Exercise description
Set down, word for word, the line with "Başkan Altay Kapı" and the lines after it through the final line of the data below, without pictures.

Segment Start: Material for this exercise

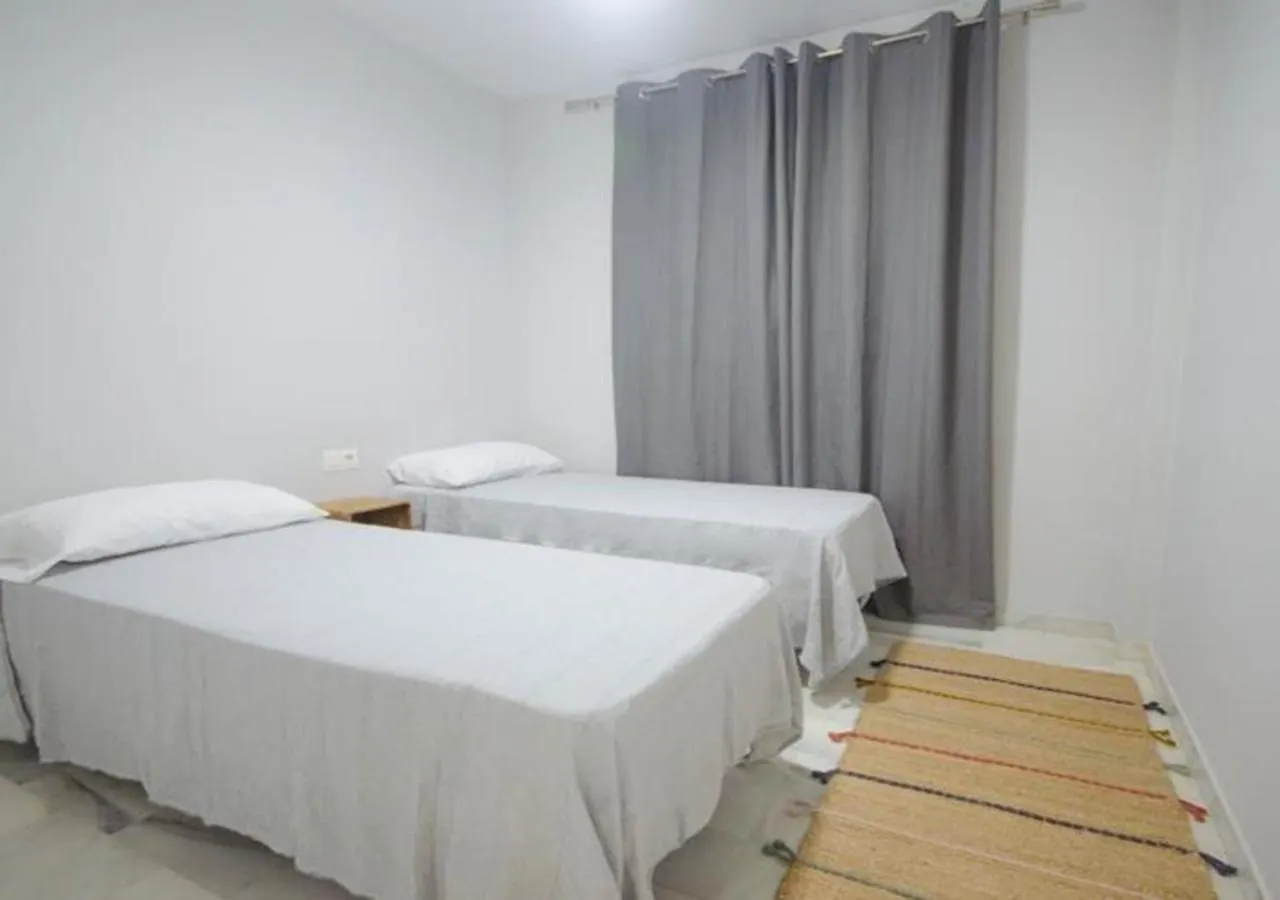 Alambra Del Sol - Coastal Retreat By The Beach Estepona Lejlighed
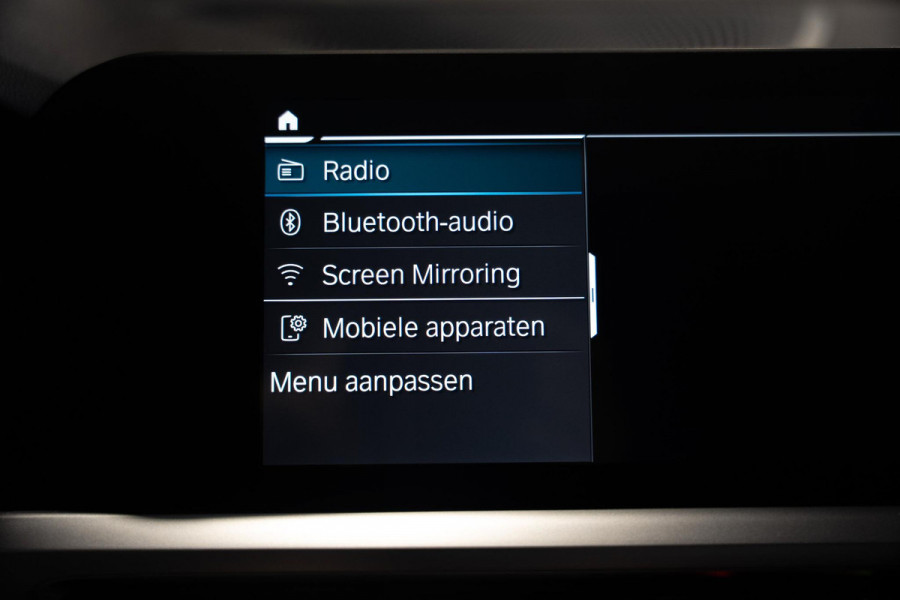 BMW 3 Serie Touring 330e M-Sport | Pano | Trekhaak | 360 camera BMW 3 Serie Touring 330e M-Sport | Pano | Trekhaak | 360 camera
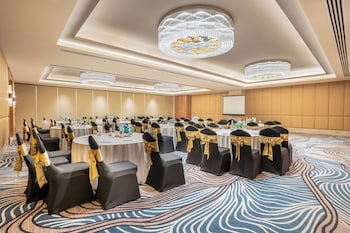 sarovar premiere alwar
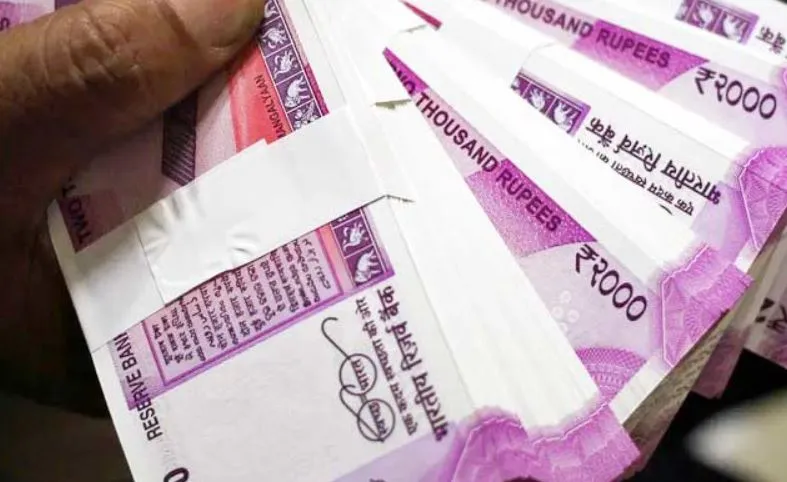 पीलीभीत: सड़क बनाई तक नहीं...ग्राम निधि से निकाल लिए 1.35 लाख, जानिए पूरा मामला 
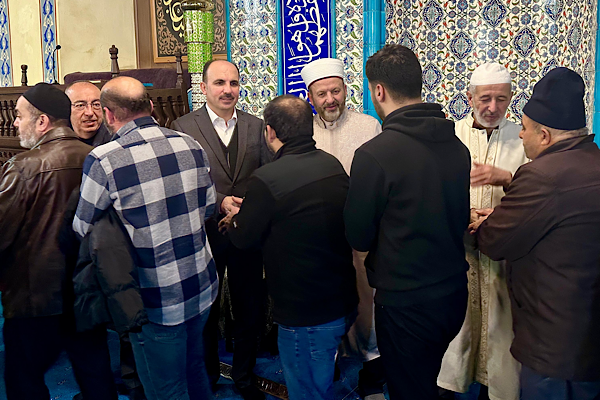 Başkan Altay Kapı Camii’nde Berat Kandili’ni Konyalılarla karşıladı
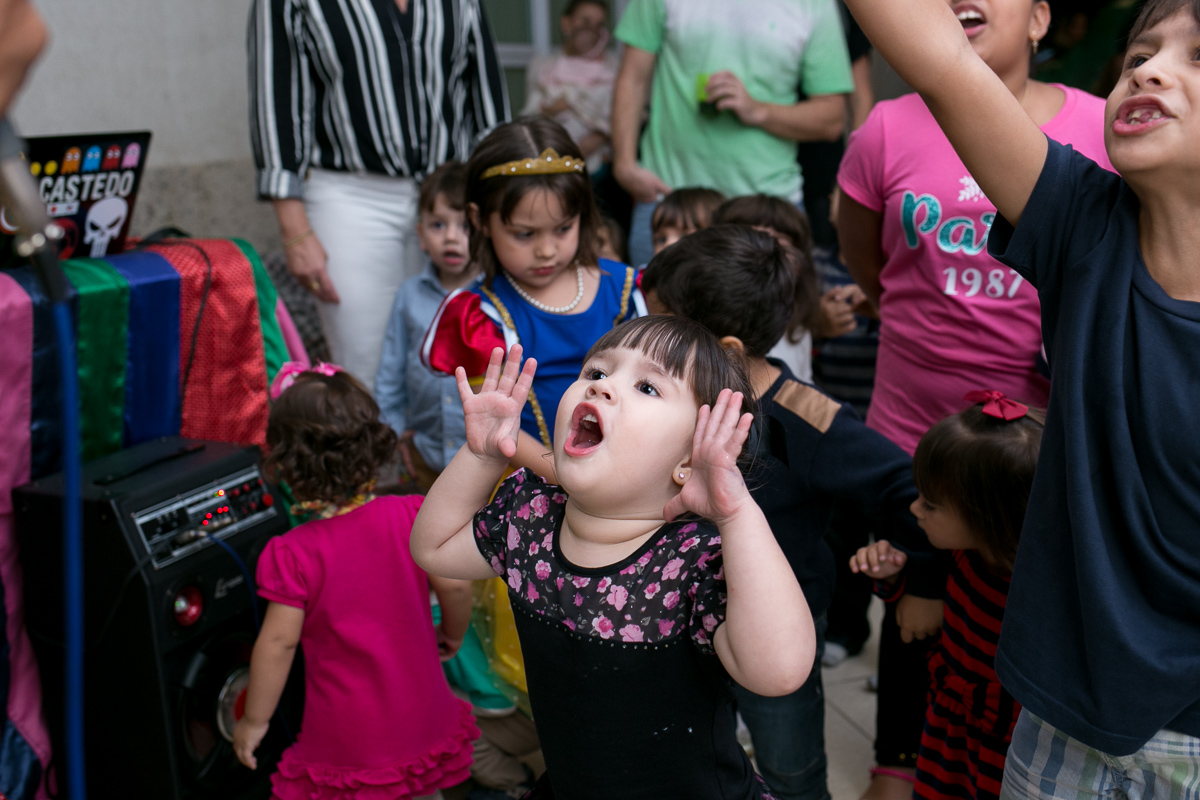 festa infantil, rio de janeiro, festa de menino, dinossauros, decoração, família, bolo, parabéns, fotografia de família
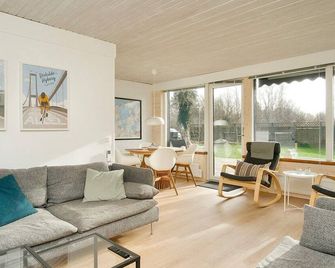 4 person holiday home in Holbæk-By Traum - Holbæk - Living room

Segment End: Material for this exercise

Exercise response
 Başkan Altay Kapı Camii’nde Berat Kandili’ni Konyalılarla karşıladı
 festa infantil, rio de janeiro, festa de menino, dinossauros, decoração, família, bolo, parabéns, fotografia de família
 4 person holiday home in Holbæk-By Traum - Holbæk - Living room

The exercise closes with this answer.